A typical scenario occurs in most PyTorch native modules with weight and bias attributes. In this case, the generation of the bias mask is aligned with the weight mask generation, meaning that a bias value is masked or not depending on whether the related weight values are all masked or not. For example, in all pruners, a bias in a Linear layer masks the i position when the i row values in weight are all masked.

This can also prove useful for generating activation masks (output of activation modules). For instance, consider the common pattern in transformers: conv-bn-relu. Here, the bn weight or output can be masked in alignment with the convolution weight for a more effective pruning simulation.

config = {
    'op_types': ['BatchNorm2d'],
    'target_names': ['weight'],
    'target_settings': {
        'weight': {
            'align': {
                'module_name': 'conv',
                'target_name': 'weight',
                'dims': [0],
            }
        }
    }
}

The mentioned configuration implies that the batch normalization layer should align with the weight of the conv layer along dimension 0.

module_name

By default, the current configured module. The name of the module that align with.

target_name

Align with which tagret mask of the specified module.

dims

Align the mask on which dim of the specified target.

apply_method

By default, mul. mul and add is supported to apply mask on pruning target.

mul means the pruning target will be masked by multiply a mask metrix contains 0 and 1, 0 represents masked position, 1 represents unmasked position.
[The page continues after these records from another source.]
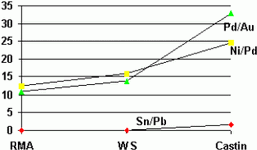 Figure 3. Contact angle measurements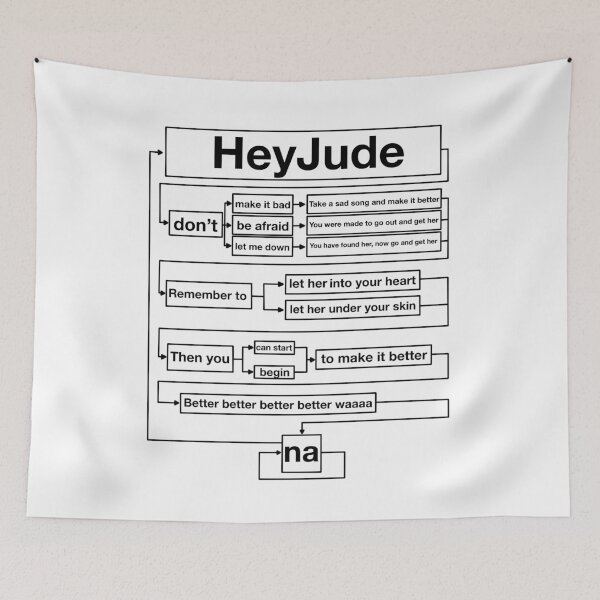 Item preview, Hey Jude lyric flow chart - music humor designed and sold by aziza-doodles.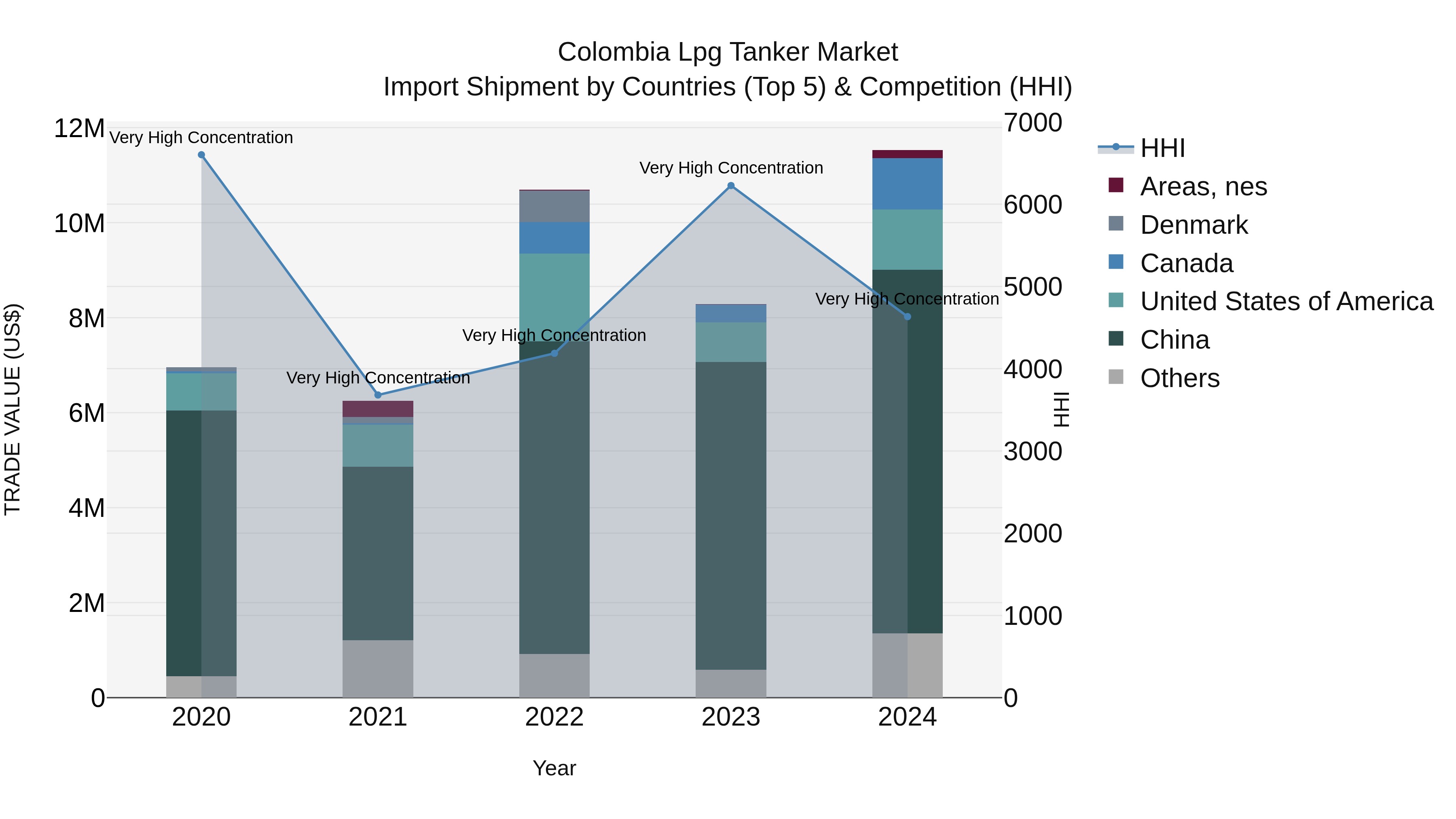 Colombia Lpg Tanker Market: Top 5 Importing Countries and Market Competition (HHI) Analysis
add means the pruning target will be masked by add a mask metrix contains -1000 and 0, -1000 represents masked position, 0 represents unmasked position. Note that -1000 can be configured in the future. add usually be used to mask activation module such as Softmax.

Quantization Specific Configuration Keys

quant_dtype

By default, int8. Support int and uint plus quant bits.

quant_scheme

affine or symmetric. If this key is not set, the quantization scheme will be choosen by quantizer, most quantizer will apply symmetric quantization.

fuse_names

List[(str,)]. Optional parameter, each tuple defines the module and modules that need to be fused in the first module. Each element in the tuple is the module name in the model. Note that the first module name in each tuple should be in the op_name or op_name_re.

granularity

Used to control the granularity of the target quantization, by default the whole tensor will use the same scale and zero point.
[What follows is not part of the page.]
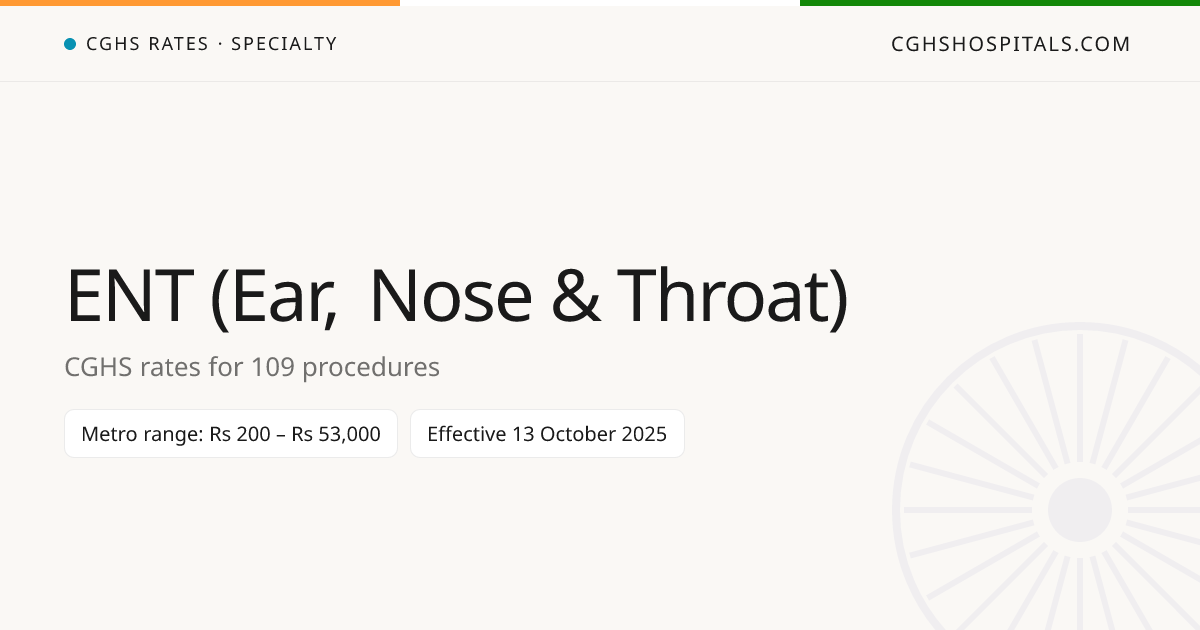 ENT (Ear, Nose & Throat) CGHS Rates · 109 procedures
per_channel and list of integer are supported:

  • per_channel: Each (ouput) channel will have their independent scales and zero points.

  • list of integer: The integer list is the block size. Each block will have their independent scales and zero points.

Each sub-config in the config list is a dict, and the scope of each setting (key) is only internal to each sub-config. If multiple sub-configs are configured for the same layer, the later ones will overwrite the previous ones.

Distillation Specific Configuration Keys

lambda

A float number. The scale factor of the distillation loss. The final distil loss for the specific target is lambda * distil_loss_func(student_target, teacher_target).

apply_method

mse or kl.

mse means the MSE loss, usually used to distill hidden states. Please reference mse_loss.

kl means the KL loss, usually used to distill logits. The implementation is kl_div((stu_hs / 2).log_softmax(dim=-1), (tea_hs / 2).softmax(dim=-1), reduction='batchmean') * (2 ** 2), please reference kl_div.